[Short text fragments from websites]
^^^^

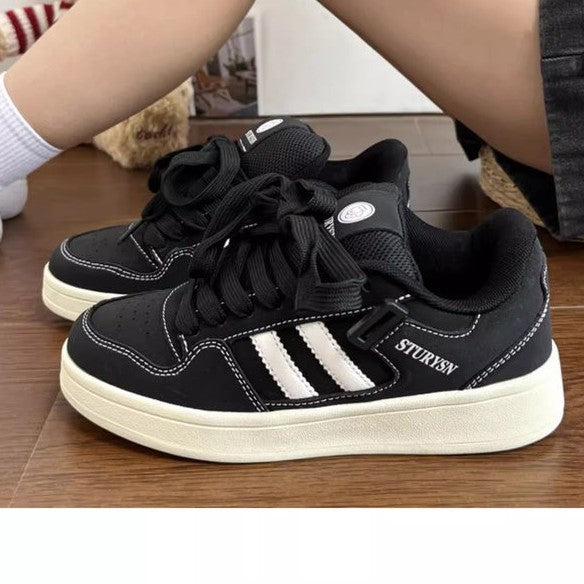 Women's Sports Sneakers with Breathable Mesh Surface and Comfortable Cushioning Mune Fashion
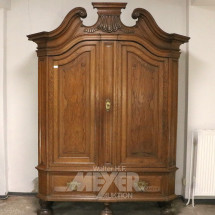 Los 670: gr. Garderoben-/Hallenschrank, 2-türig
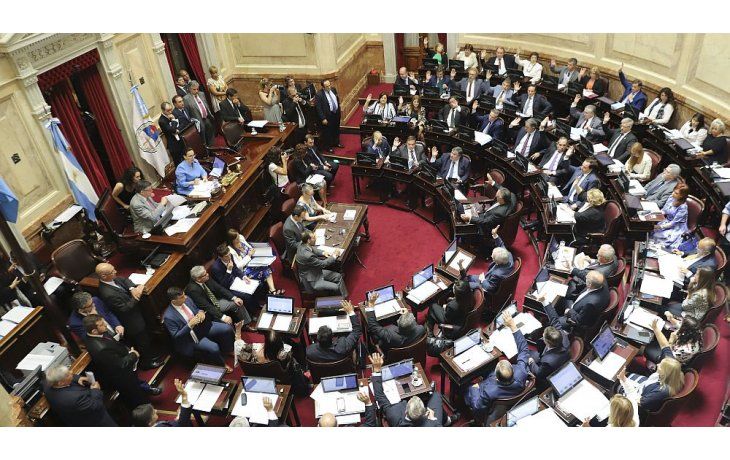 ámbito.com | “Estado VIP”: suspensiones en Senado por pluriempleos no informados durante años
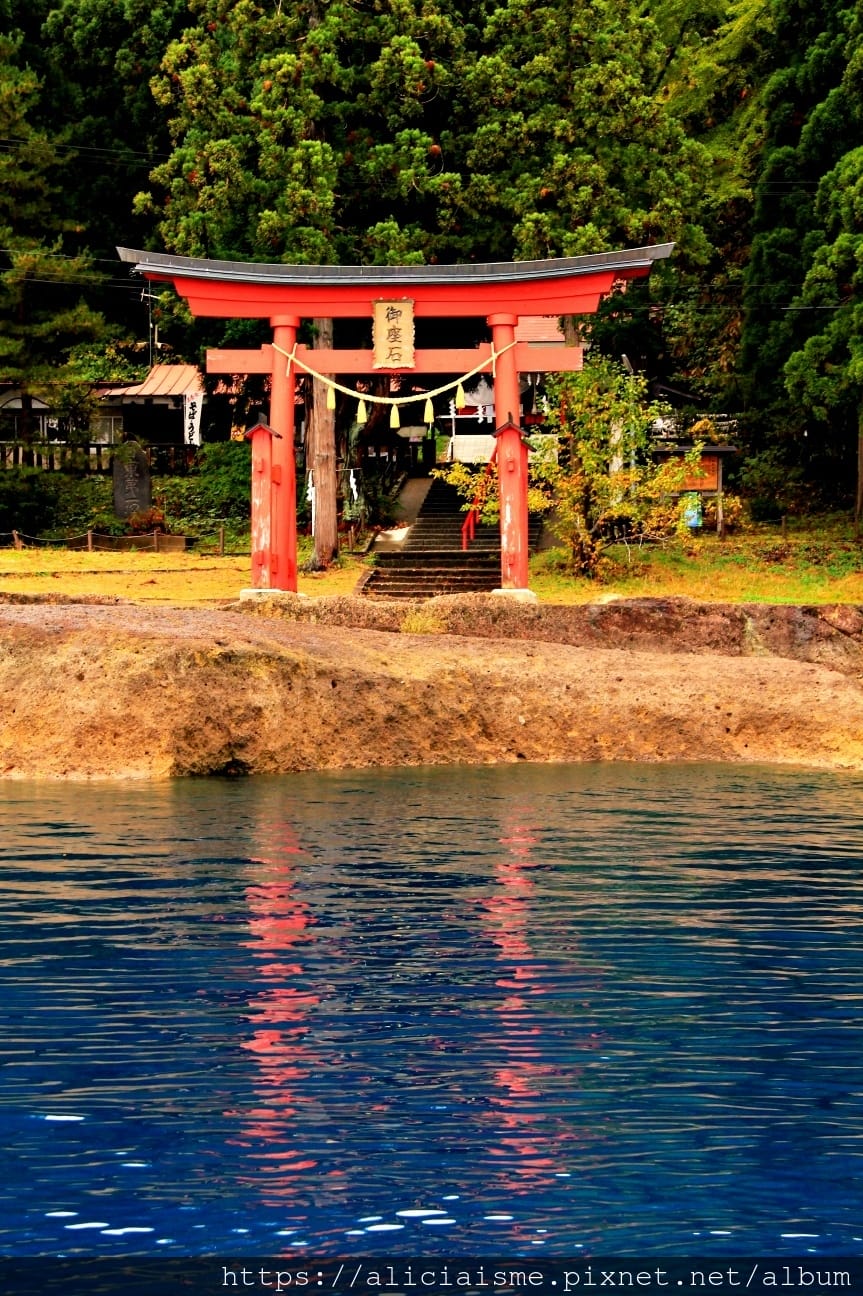 【秋田縣】（2019更新）田澤湖：辰子守護的日本第一藍寶石深水湖，最美味烤米棒的辰子茶屋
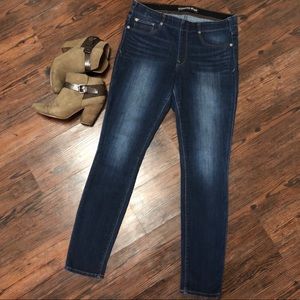 Express Mid Rise Legging Jeans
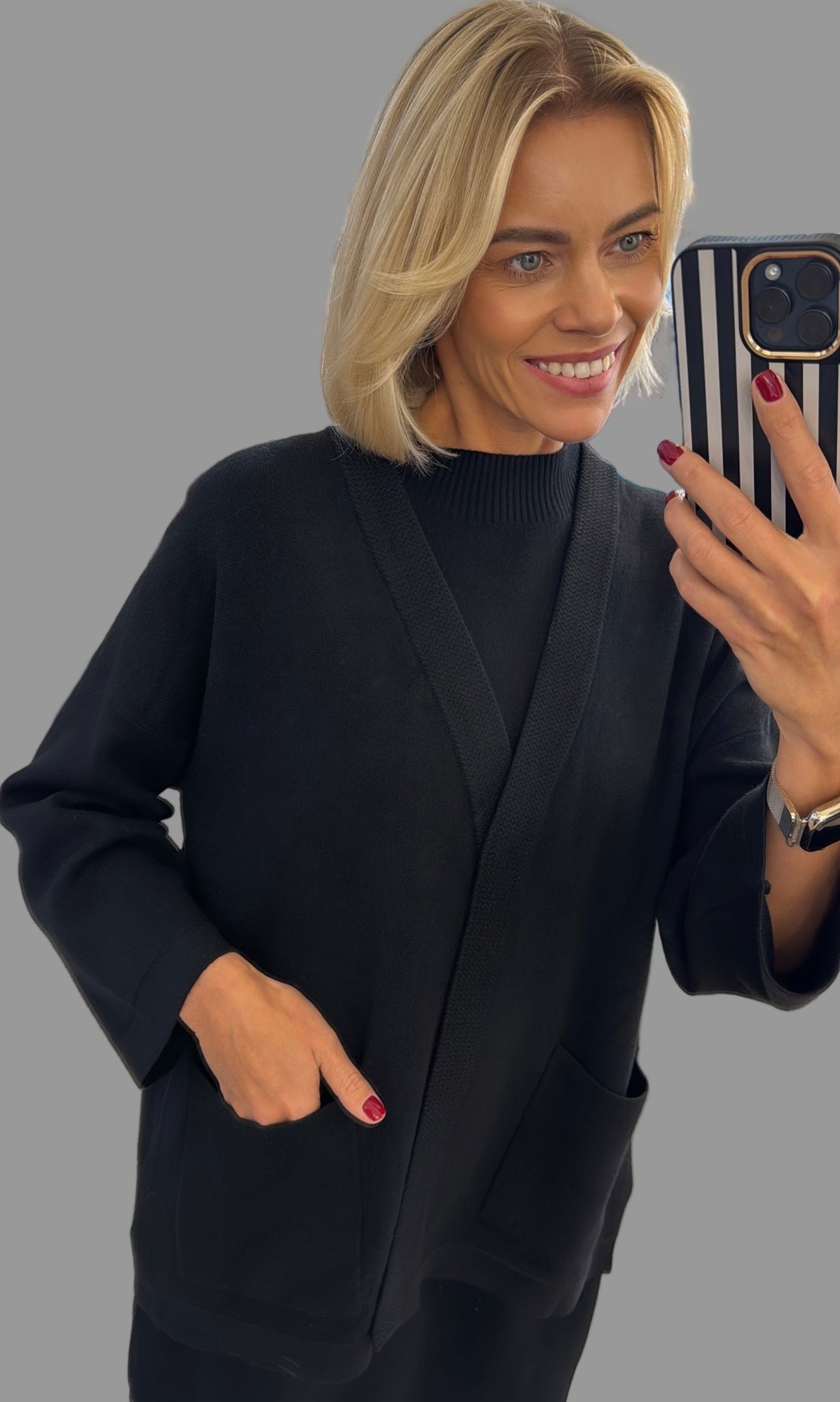 Megztinis su viena saga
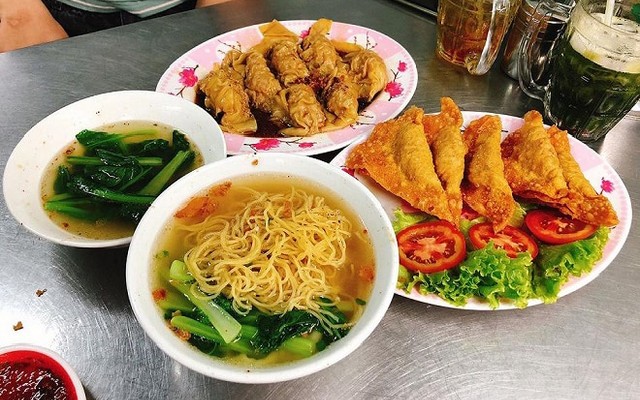Quán Ăn 181 - Mì Xá Xíu, Hủ Tiếu Cá & Hoành Thánh - Cách Mạng Tháng 8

^^^^

Write out the records above exactly as they appear, leaving out any pictures.

 Women's Sports Sneakers with Breathable Mesh Surface and Comfortable Cushioning Mune Fashion
 Los 670: gr. Garderoben-/Hallenschrank, 2-türig
 ámbito.com | “Estado VIP”: suspensiones en Senado por pluriempleos no informados durante años
 【秋田縣】（2019更新）田澤湖：辰子守護的日本第一藍寶石深水湖，最美味烤米棒的辰子茶屋
 Express Mid Rise Legging Jeans
 Megztinis su viena saga
Quán Ăn 181 - Mì Xá Xíu, Hủ Tiếu Cá & Hoành Thánh - Cách Mạng Tháng 8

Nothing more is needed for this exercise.